YOUR GOAL: Reproduce exactly, from the line containing "Камбрия Orchidee Cam.Tahoma 2-Tak", every line down to the end of the data below.

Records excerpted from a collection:
==*==

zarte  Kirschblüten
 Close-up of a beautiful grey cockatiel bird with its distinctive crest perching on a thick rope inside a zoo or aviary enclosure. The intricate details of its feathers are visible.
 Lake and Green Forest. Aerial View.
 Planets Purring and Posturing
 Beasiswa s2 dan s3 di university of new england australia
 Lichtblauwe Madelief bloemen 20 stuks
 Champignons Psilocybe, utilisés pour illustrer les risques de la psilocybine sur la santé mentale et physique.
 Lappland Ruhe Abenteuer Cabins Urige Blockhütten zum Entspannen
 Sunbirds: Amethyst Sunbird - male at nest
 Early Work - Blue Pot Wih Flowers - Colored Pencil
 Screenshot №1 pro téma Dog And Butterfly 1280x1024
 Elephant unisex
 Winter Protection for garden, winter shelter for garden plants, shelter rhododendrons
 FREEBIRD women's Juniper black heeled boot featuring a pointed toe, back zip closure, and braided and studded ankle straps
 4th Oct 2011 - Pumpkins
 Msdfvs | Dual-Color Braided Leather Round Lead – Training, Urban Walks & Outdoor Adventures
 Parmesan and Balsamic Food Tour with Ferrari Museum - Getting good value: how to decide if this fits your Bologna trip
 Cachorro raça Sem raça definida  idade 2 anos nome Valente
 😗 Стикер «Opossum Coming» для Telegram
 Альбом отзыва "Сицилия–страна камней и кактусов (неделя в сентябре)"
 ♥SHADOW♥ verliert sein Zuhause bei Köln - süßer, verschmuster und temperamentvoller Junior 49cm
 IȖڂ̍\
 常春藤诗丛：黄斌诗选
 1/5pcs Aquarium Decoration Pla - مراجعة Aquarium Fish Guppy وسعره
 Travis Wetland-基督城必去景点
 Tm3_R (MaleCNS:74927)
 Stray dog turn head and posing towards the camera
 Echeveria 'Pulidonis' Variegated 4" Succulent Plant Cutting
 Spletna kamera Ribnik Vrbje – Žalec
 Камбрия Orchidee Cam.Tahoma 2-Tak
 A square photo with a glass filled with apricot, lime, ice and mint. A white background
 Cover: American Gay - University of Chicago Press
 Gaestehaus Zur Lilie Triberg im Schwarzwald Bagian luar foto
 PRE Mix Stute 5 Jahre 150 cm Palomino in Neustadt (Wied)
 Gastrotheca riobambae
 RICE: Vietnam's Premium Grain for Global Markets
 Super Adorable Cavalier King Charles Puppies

==*==

EXPECTED ANSWER:
 Камбрия Orchidee Cam.Tahoma 2-Tak
 A square photo with a glass filled with apricot, lime, ice and mint. A white background
 Cover: American Gay - University of Chicago Press
 Gaestehaus Zur Lilie Triberg im Schwarzwald Bagian luar foto
 PRE Mix Stute 5 Jahre 150 cm Palomino in Neustadt (Wied)
 Gastrotheca riobambae
 RICE: Vietnam's Premium Grain for Global Markets
 Super Adorable Cavalier King Charles Puppies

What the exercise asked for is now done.